Une bonne vue d’ensemble et une planification bien pensée permettra aussi d’adopter une approche pragmatique. Il est tentant de tout vouloir connecter tous les équipements et de poser des capteurs dans chaque pièce habitée. Les constructeurs, les revendeurs et les entreprises de service pousseront naturellement le mouvement en ce sens. Cela n’est pas toujours nécessaire car il est possible de mettre en place des systèmes de reconstruction de données. Inutile de connecter chaque cafetière pour connaître la consommation d’un bâtiment de façon satisfaisante. La cafetière connectée est un gadget amusant mais totalement inutile pour l’optimisation énergétique et surtout très coûteux en énergie et en bande passante. Aujourd’hui, plusieurs acteurs du secteur énergétique savent déjà reconstruire les données de consommation de des équipements principaux d’un bâtiment en analysant uniquement la consommation globale du bâtiment, à condition que les données soient collectées à une fréquence suffisante.

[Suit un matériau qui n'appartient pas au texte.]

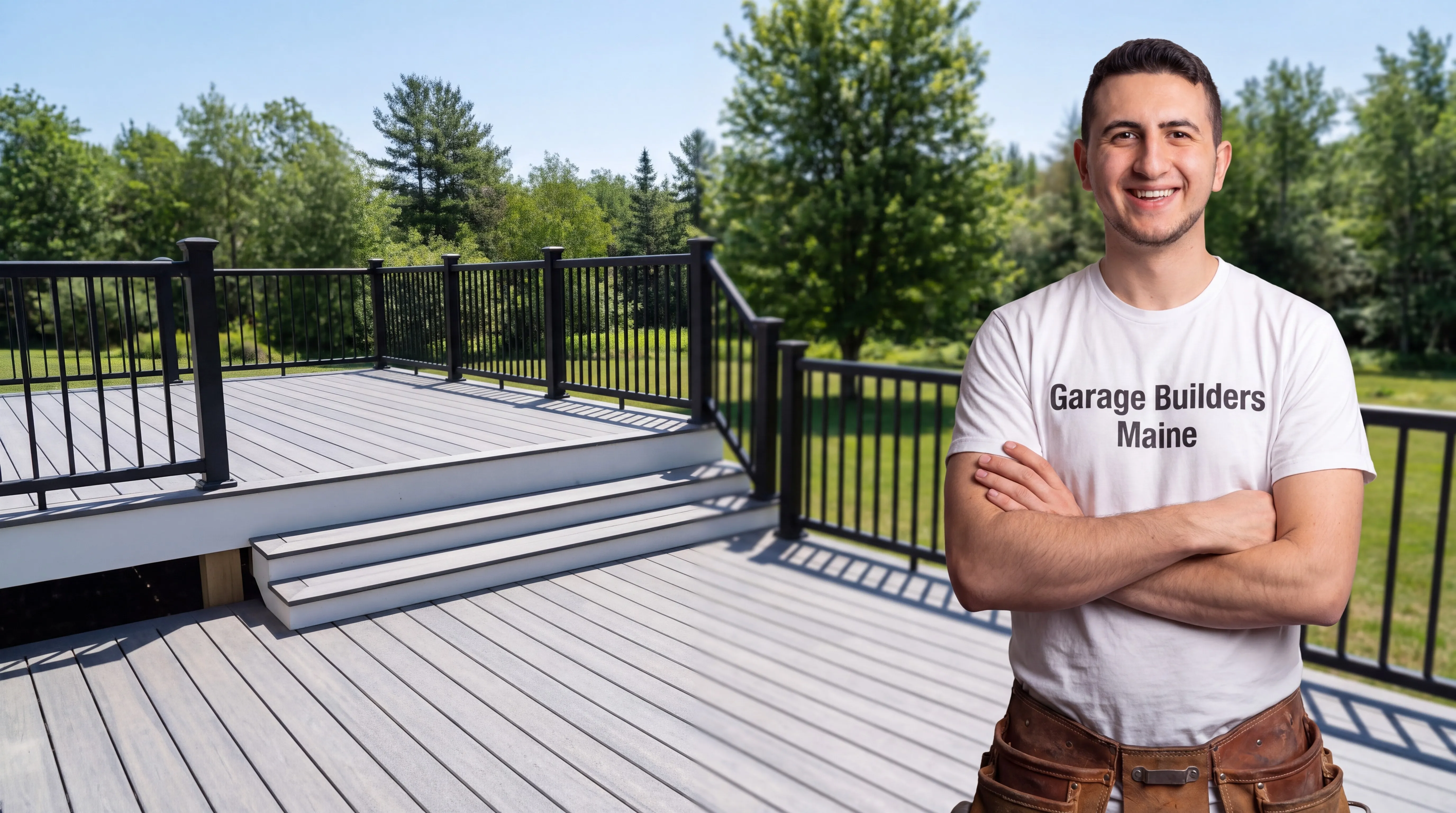 Owner of Garage Builders Maine standing with his arms crossed and smiling at a Maine job site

L’innovation et les cycles de développement dans les capteurs, les technologies Big Data et les techniques d’analyse de données et de prédiction sont bien plus rapides aujourd’hui qu’il y a une vingtaine d’années. Aussi, les ingénieurs du Big Data, les data scientists, mais également les donneurs d’ordre doivent en permanence se tenir au courant des dernières évolutions et consulter les experts. La tension croissante sur la demande en énergie et en services, la protection des données personnelles, un enjeu majeur pour le bâtiment connecté, et la lutte contre le terrorisme et la cybersécurité rendent les mises à jour des systèmes absolument critiques et indispensables.

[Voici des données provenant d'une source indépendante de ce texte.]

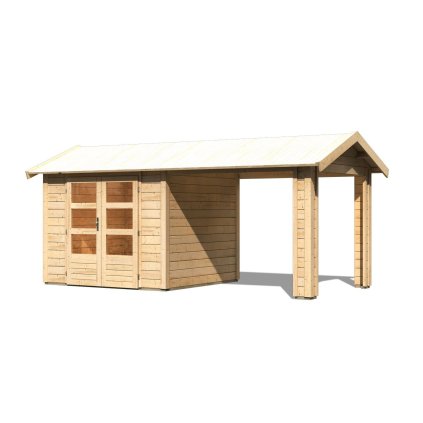 273205 dreveny domek karibu theres 3 vc pristavku 31448 natur lg3145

UNE COLLABORATION DE TOUS LES ACTEURS

La mise en place progressive des systèmes doit donc faire intervenir des acteurs constamment et à tous les niveaux : adéquation, interconnection, sécurité des équipements et des logiciels, protection juridique, sûreté des systèmes et du territoire, mise en place et interconnection des couches logicielles de calcul à diverses échelles.

Une collaboration entre les autorités de régulation, les pouvoirs publics, les constructeurs, les opérateurs, les équipes de techniciens, les différentes équipes d’ingénieurs Big Data qui collectent, traitent et stockent les données, les data scientists qui les analysent, et enfin les utilisateurs finaux (bailleurs, syndics, gestionnaires et particuliers) est absolument indispensable afin d’établir progressivement des normes techniques et juridiques et des standard ouverts, suffisament harmonisés pour faciliter le travail à toutes les étapes, et suffisament souples pour permettre de prendre en compte les multiples applications et les cas d’usage futurs.

Le bâtiment connecté et les smart grids sont aujourd’hui des secteurs innovants et en construction. Il est prématuré d’adopter une stratégie globale et une plannification figée. La mise en place et l’évolution des systèmes sera très complexe et très progressive. Les normes et les processus devront être décidés de façon souple et adoptés au fur et a mesure, autour d’un écosystème en perpétuelle évolution et extrêmement contraint. La seule manière de parvenir à un contrôle et une souplesse satisfaisante est la collaboration de tous les acteurs, bi- ou tri-latérales dans un premier temps, au travers de projets innovants, puis de manière multilatérales, lorsque suffisamment d’expérimentations auront été menés pour fournir une connaissance plus globale, tirer des conclusions et prendre les décisions adaptées. Il est important d’y réfléchir dès aujourd’hui.